_SOURCE MATERIAL_

--------------------------------

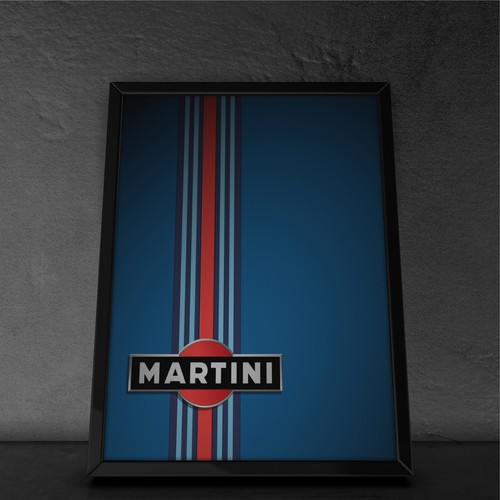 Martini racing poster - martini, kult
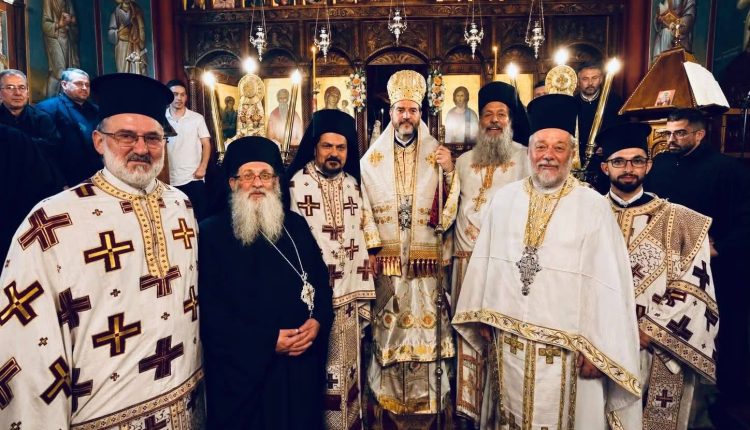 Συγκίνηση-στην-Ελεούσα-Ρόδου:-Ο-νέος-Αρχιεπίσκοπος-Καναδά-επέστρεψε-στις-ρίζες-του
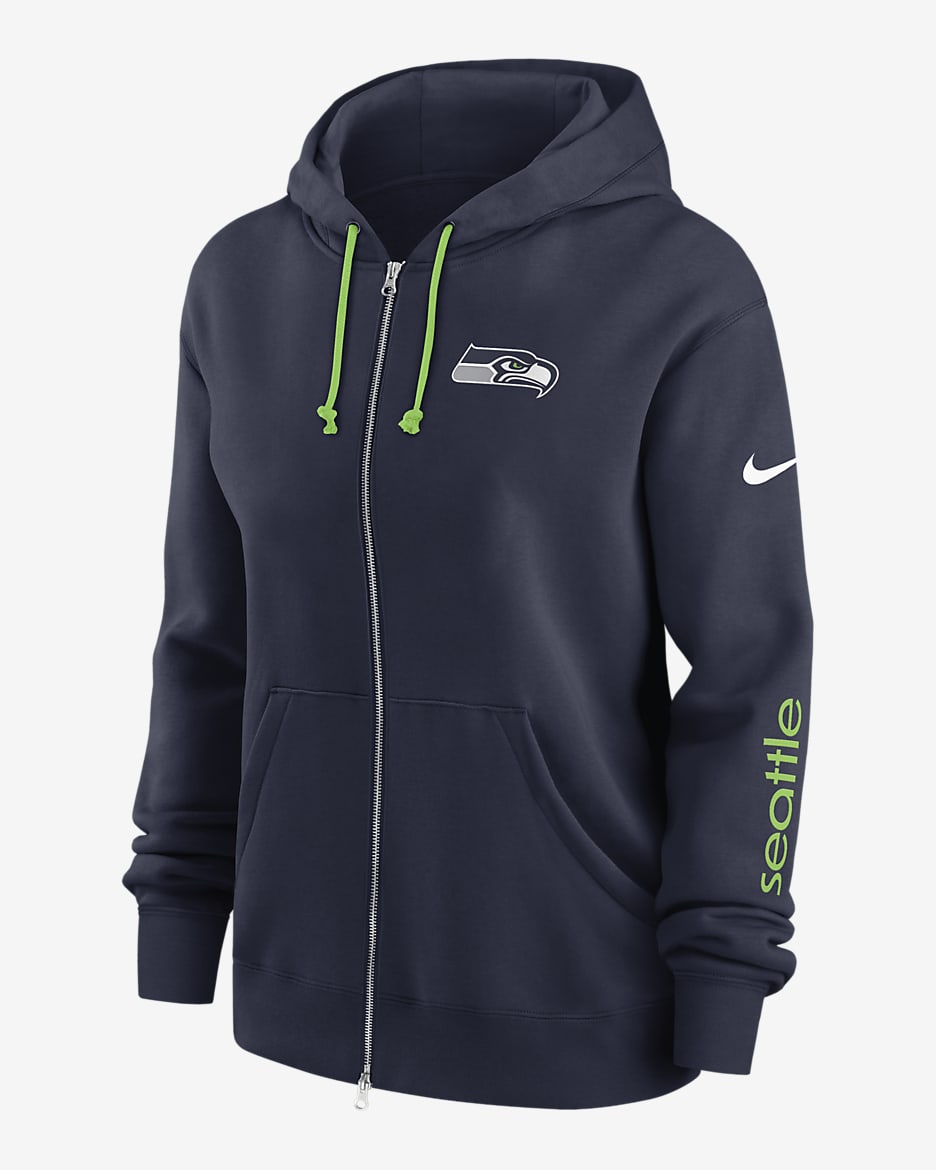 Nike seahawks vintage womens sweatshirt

--------------------------------

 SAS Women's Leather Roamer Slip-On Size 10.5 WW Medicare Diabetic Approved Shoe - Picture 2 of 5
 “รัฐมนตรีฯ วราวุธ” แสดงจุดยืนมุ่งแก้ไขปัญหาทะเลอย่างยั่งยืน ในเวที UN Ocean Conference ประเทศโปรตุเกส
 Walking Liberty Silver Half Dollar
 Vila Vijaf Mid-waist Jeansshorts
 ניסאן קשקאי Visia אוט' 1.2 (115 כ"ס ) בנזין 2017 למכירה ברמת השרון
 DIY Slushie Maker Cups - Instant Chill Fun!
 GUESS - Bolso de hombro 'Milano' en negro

--------------------------------

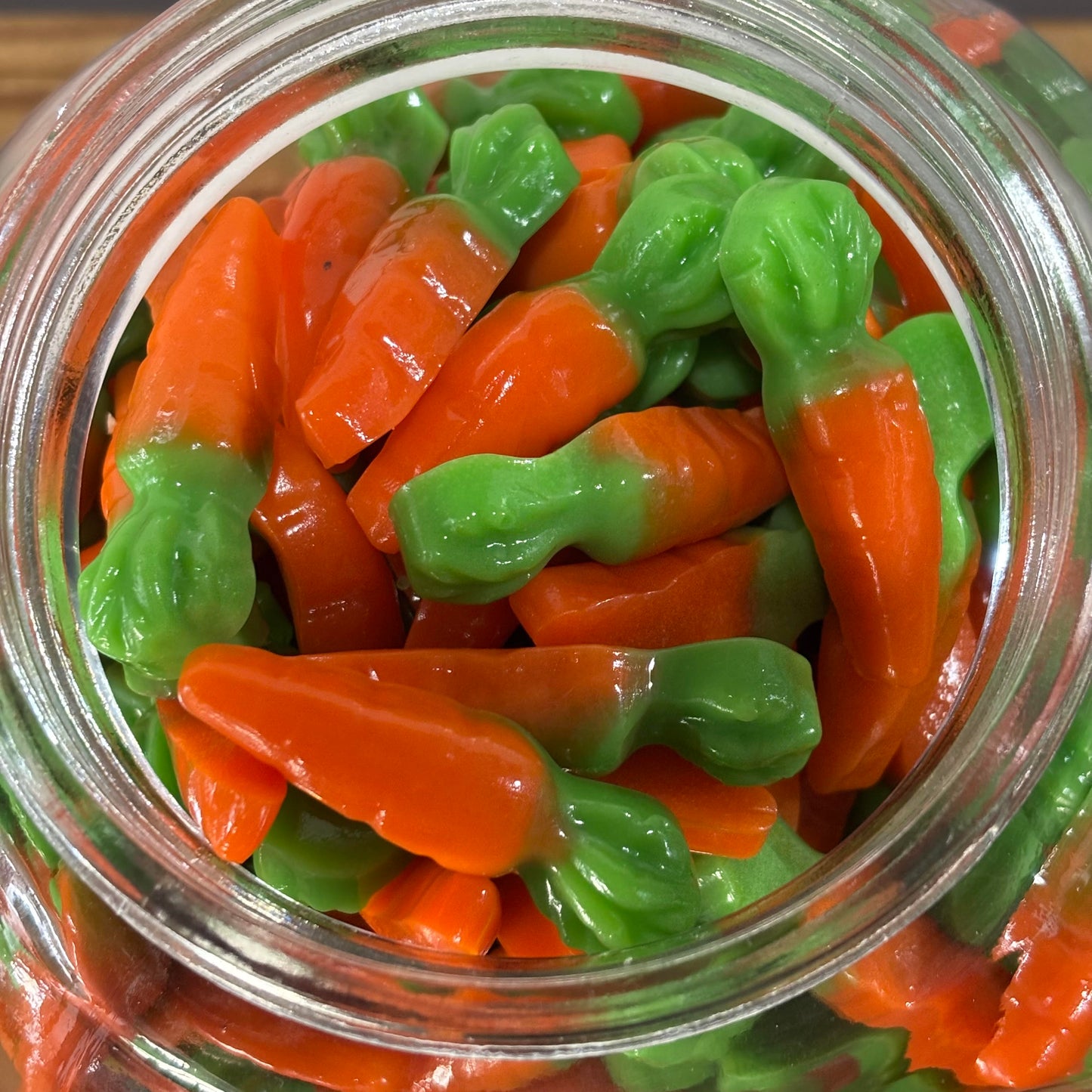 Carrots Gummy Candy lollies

--------------------------------

_WORK INSTRUCTIONS_
All lines above from the one with "Ocean Conference ประเทศโปรตุเกส" to the one with "GUESS - Bolso de hombro 'Milano' en negro", inclusive, should be copied exactly, and no other lines.

_WRITTEN SOLUTION_
 “รัฐมนตรีฯ วราวุธ” แสดงจุดยืนมุ่งแก้ไขปัญหาทะเลอย่างยั่งยืน ในเวที UN Ocean Conference ประเทศโปรตุเกส
 Walking Liberty Silver Half Dollar
 Vila Vijaf Mid-waist Jeansshorts
 ניסאן קשקאי Visia אוט' 1.2 (115 כ"ס ) בנזין 2017 למכירה ברמת השרון
 DIY Slushie Maker Cups - Instant Chill Fun!
 GUESS - Bolso de hombro 'Milano' en negro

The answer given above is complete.